The Pytorch Impala baseline fails but then continues to run. It runs at a throughput less than 100 and even occasionally goes negative even though the dashboard log shows the model finished training in about an hour at a reasonable pace. I’ve also been having low throughput with my own PyTorch models. Has anyone else been experiencing similar issues?
You mean low throughput on the evaluation server or also locally ?
In any case, @jyotish: do you want to share the throughput spreadsheet you prepared to tune the num_workers etc for the baselines ?
It might be helpful for participants to get a rough baseline of what throughput to expect in different scenarios.
The “fails but then continues” is because we re-evaluated your submission as it failed the first time due to an internal glitch.
Following is the throughput vs ray worker configuration on an evaluation node (with 1 P100 and 8 vCPUs) for impala baseline (tensorflow version).
I just want to confirm that the pytorch impala baseline model does seem bugged. No changes, same model included in the starter kit. use_pytorch is True in the yaml config. Extremely low throughput.
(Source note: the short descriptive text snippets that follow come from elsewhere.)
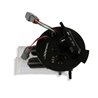 Holley | EFI Fuel Pump Module - Camaro 3.6L / 6.2L / 7.0L 2010-2015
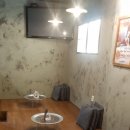 왕자맥주 - 부산진구 엄광로 16 | 왕자맥주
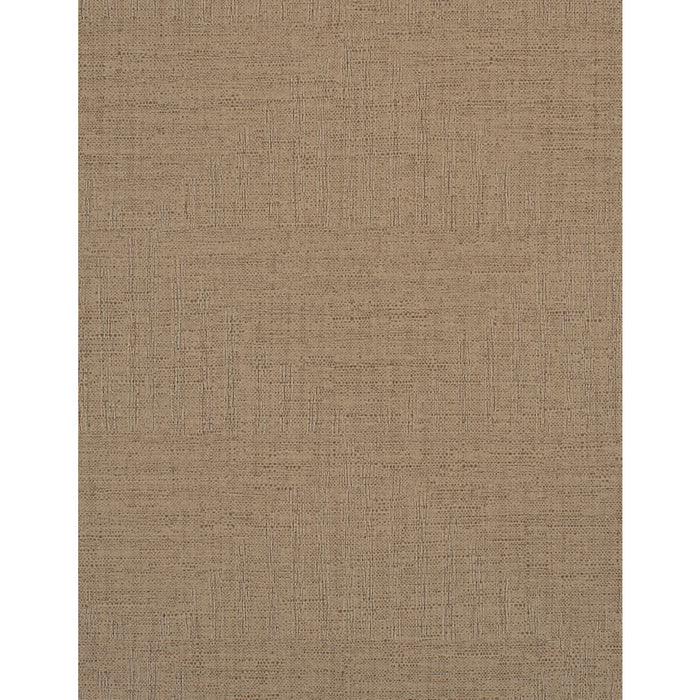 Winfield Thybony Torrance Copper Wallpaper WHF1723.WT.0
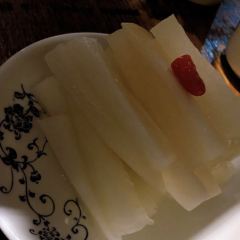 Chenchulaowei (rucheng) User Photo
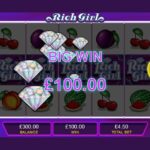 Genie Jackpots Wishmaker Free Play Within the Demonstration Setting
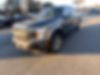 1FTEW1E57JFE56316-2018-ford-f-150-0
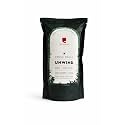 Cafe Coffee Day-Unwind80 Coffee amp 20 Chicory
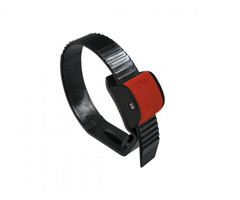 Fiamma Fiamma Bike Quick-Safe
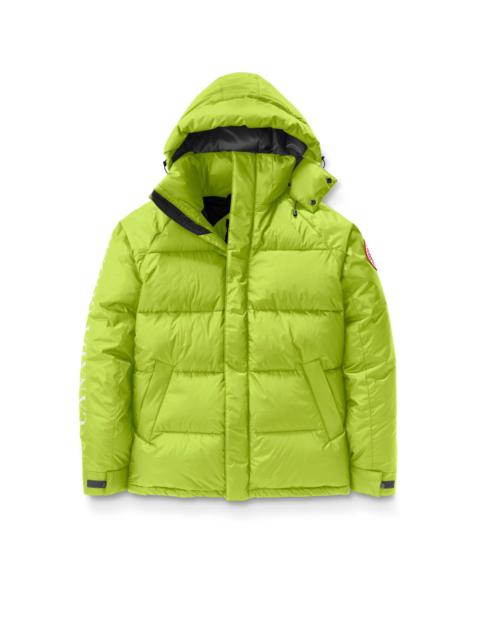 Canada Goose APPROACH JACKET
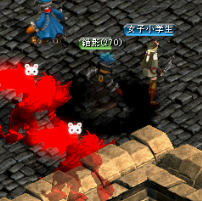 df1468c13ab33db232d560c1aa4695de.png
Here is something I see in the metrics logs
(pid=102) /pytorch/torch/csrc/utils/tensor_numpy.cpp:141: UserWarning: The given NumPy array is not writeable, and PyTorch does not support non-writeable tensors. This means you can write to the underlying (supposedly non-writeable) NumPy array using the tensor. You may want to copy the array to protect its data or make it writeable before converting it to a tensor. This type of warning will be suppressed for the rest of this program.